I’ve become so used to expressing myself through written words, that I think my basic communication skills have changed somewhat.
I’ve never really been the best communicator to begin with – I’m easily frustrated with people and weighing my words before I say them is not something I’ve ever been in the habit of doing. I’ve always been rather impetuous, foot permanently wedged in my loud, open mouth, not really caring how I come across to others. But with writing it’s different. I’m deliberate - I think very hard about what I want to say, every word is placed just so, and then I go over it again.

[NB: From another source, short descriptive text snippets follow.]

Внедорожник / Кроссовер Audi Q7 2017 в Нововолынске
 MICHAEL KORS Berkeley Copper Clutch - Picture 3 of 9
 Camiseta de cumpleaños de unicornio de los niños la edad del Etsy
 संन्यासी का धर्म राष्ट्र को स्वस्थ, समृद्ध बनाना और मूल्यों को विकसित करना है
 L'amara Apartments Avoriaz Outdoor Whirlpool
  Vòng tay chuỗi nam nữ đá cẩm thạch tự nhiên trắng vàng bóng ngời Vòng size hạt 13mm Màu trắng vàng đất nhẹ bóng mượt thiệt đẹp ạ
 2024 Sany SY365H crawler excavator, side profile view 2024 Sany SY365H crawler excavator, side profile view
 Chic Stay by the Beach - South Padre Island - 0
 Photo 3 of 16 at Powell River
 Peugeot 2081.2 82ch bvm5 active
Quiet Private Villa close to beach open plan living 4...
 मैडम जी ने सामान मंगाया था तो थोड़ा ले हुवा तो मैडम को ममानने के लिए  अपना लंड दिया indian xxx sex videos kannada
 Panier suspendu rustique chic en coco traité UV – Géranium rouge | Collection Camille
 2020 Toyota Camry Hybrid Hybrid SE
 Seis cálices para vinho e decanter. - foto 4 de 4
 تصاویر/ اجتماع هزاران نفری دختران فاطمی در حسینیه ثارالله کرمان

You would think that my life would influence my writing, but in fact I believe it’s the other way around. I’ve become considerably calmer, more thoughtful – I’m not the same person that started this blog six-ish years ago. In fact, I’m not even the same person that was writing here two years ago. We could argue that I’m simply “growing up”, and I’m sure that plays a part in these personality changes, but I think writing is at the heart of it.
Mostly it’s a good thing, and I’m not saying it’s all that drastic (I’m still essentially the same person), but every now and then I’ll think it’s made me less fun and spontaneous...too controlled, especially when I meet new people. And, it seems that what I’m thinking translates better from my head to my fingers, than from my head to my mouth. I’ll be in the middle of a conversation and think, “I could have explained that better in writing” or “That would’ve made sense had I typed it”.
In the early hours of my road trip to Kansas City with Jerrod, I had those thoughts. I got nervous because the last thing I wanted was for him to think I was boring in person. And when I get nervous I do one of two things – make inappropriate jokes or say nothing at all. Being, at that moment, all up in my head, I went with the latter, which did nothing to help the situation and only served to make it seem more awkward. At least that’s what I was (overly) thinking.
“Why aren’t you talking”, he asked me, possibly more than once. I had no idea how to answer – first, because I wasn’t going to admit that I was having some sort of blogging induced social anxiety and second, because I honestly wasn’t sure what the fuck I was supposed to say. We’d spent years discussing every topic, having “favorite thing” battles, arguing points and giving advice – I was drawing a complete blank on something we hadn’t talked about yet. And so, in the periods of silence between tentative conversations...I sang. A lot.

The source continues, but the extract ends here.